**RECORDED DATA**
^^^^^^^^
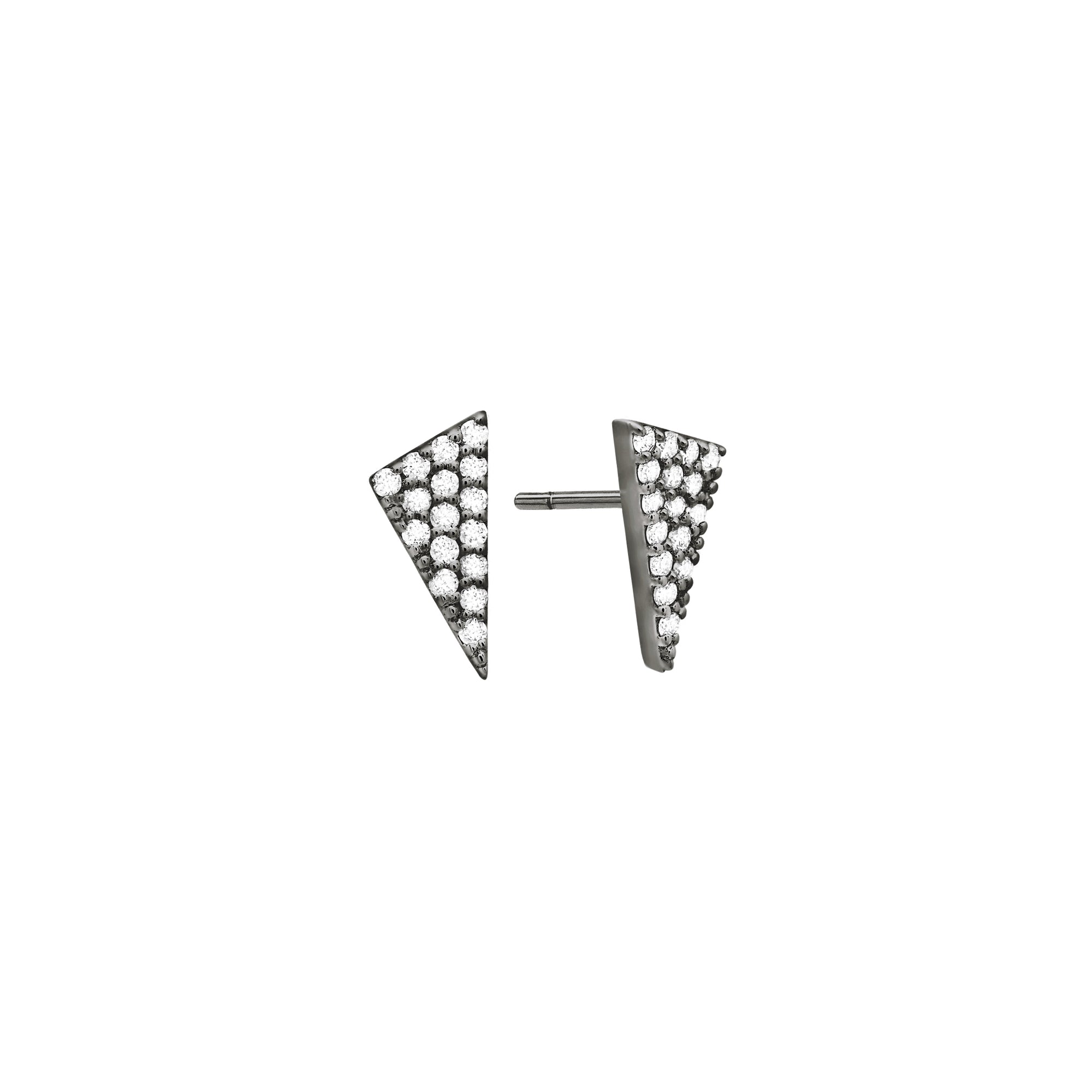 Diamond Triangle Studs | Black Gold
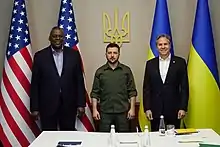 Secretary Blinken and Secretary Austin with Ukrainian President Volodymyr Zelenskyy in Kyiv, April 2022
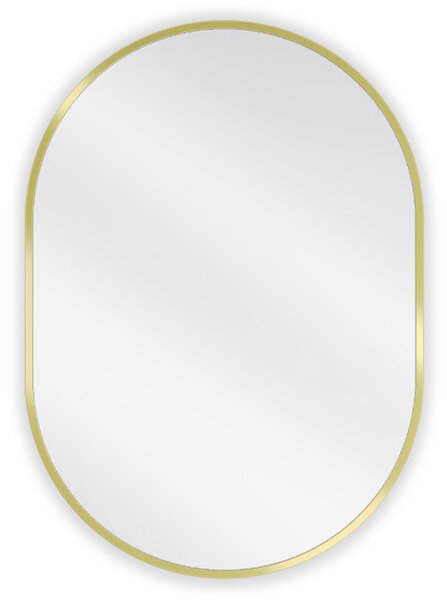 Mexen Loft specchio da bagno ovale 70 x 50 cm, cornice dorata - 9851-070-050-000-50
^^^^^^^^
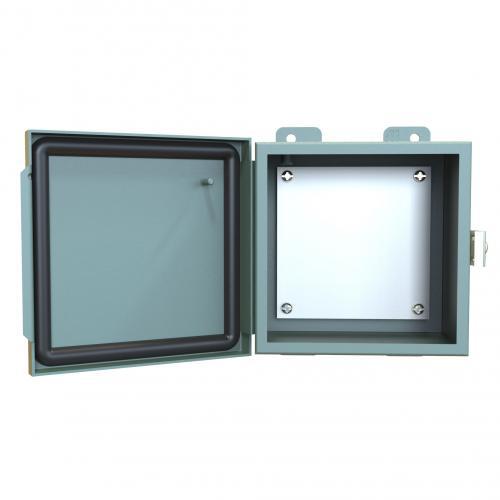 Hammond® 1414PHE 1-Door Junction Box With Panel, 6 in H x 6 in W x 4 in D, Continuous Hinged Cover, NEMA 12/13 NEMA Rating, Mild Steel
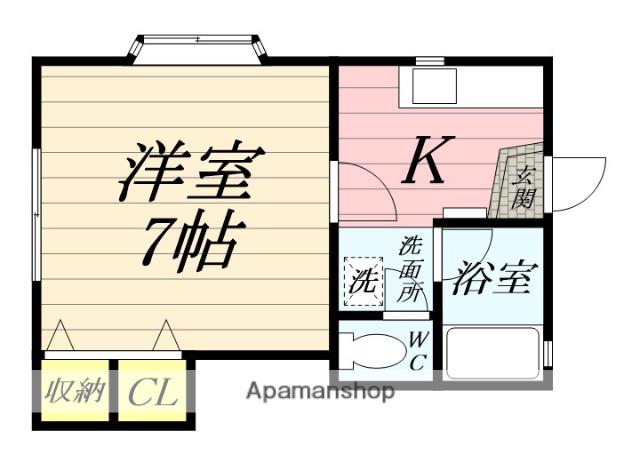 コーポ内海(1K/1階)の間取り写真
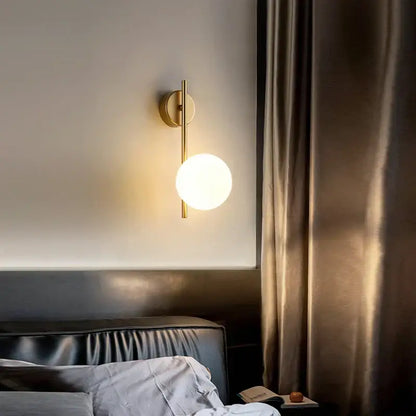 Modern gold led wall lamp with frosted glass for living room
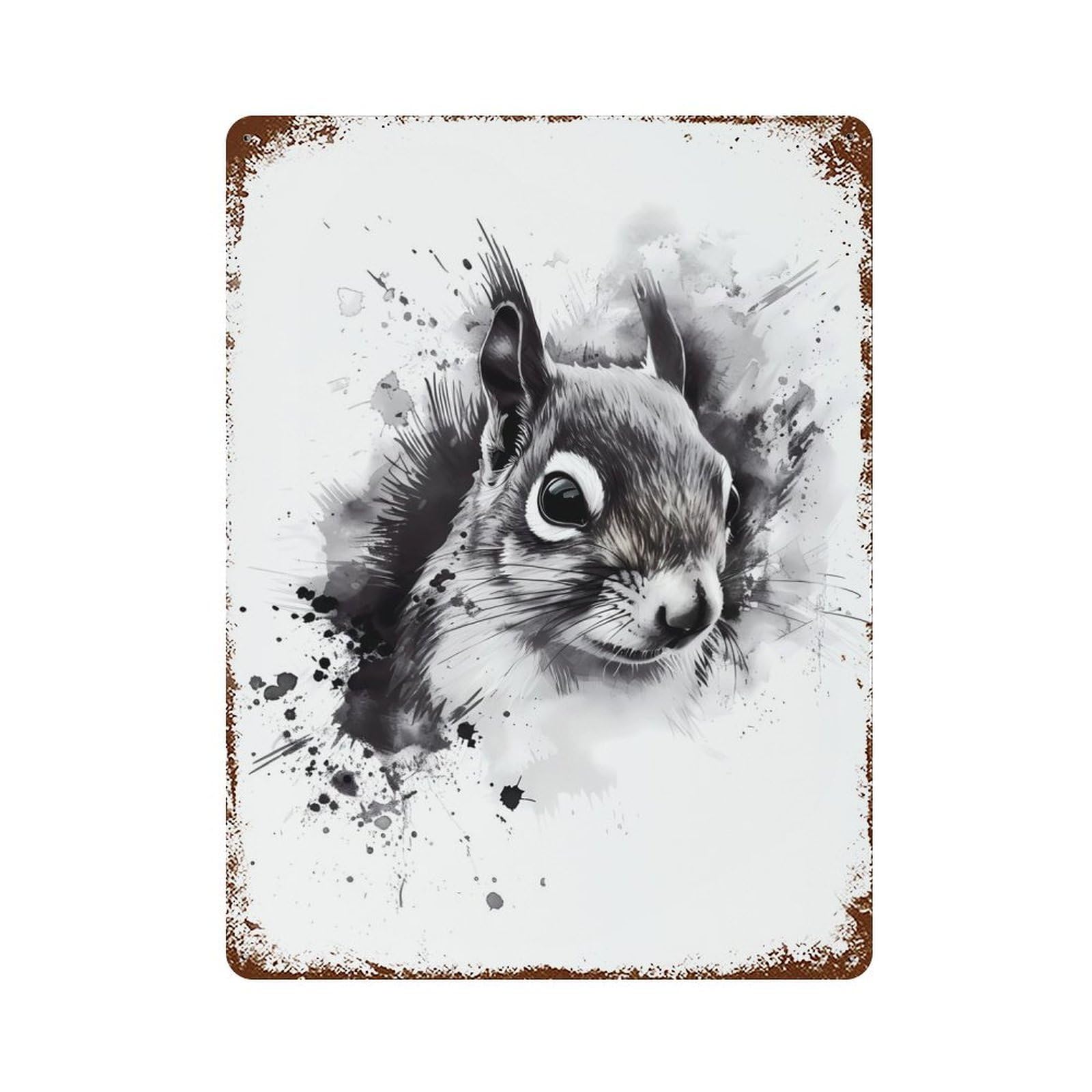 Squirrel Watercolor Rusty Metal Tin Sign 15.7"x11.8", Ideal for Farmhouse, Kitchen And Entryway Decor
^^^^^^^^
**WHAT YOU WILL DO**
Transcribe exactly the lines above, beginning at the one with "Diamond Triangle Studs | Black Gold" and going up to and including the one with "Mexen Loft specchio". Pictures do not belong in the copy.

**THE COMPLETED TASK**
 Diamond Triangle Studs | Black Gold
 Secretary Blinken and Secretary Austin with Ukrainian President Volodymyr Zelenskyy in Kyiv, April 2022
 Mexen Loft specchio da bagno ovale 70 x 50 cm, cornice dorata - 9851-070-050-000-50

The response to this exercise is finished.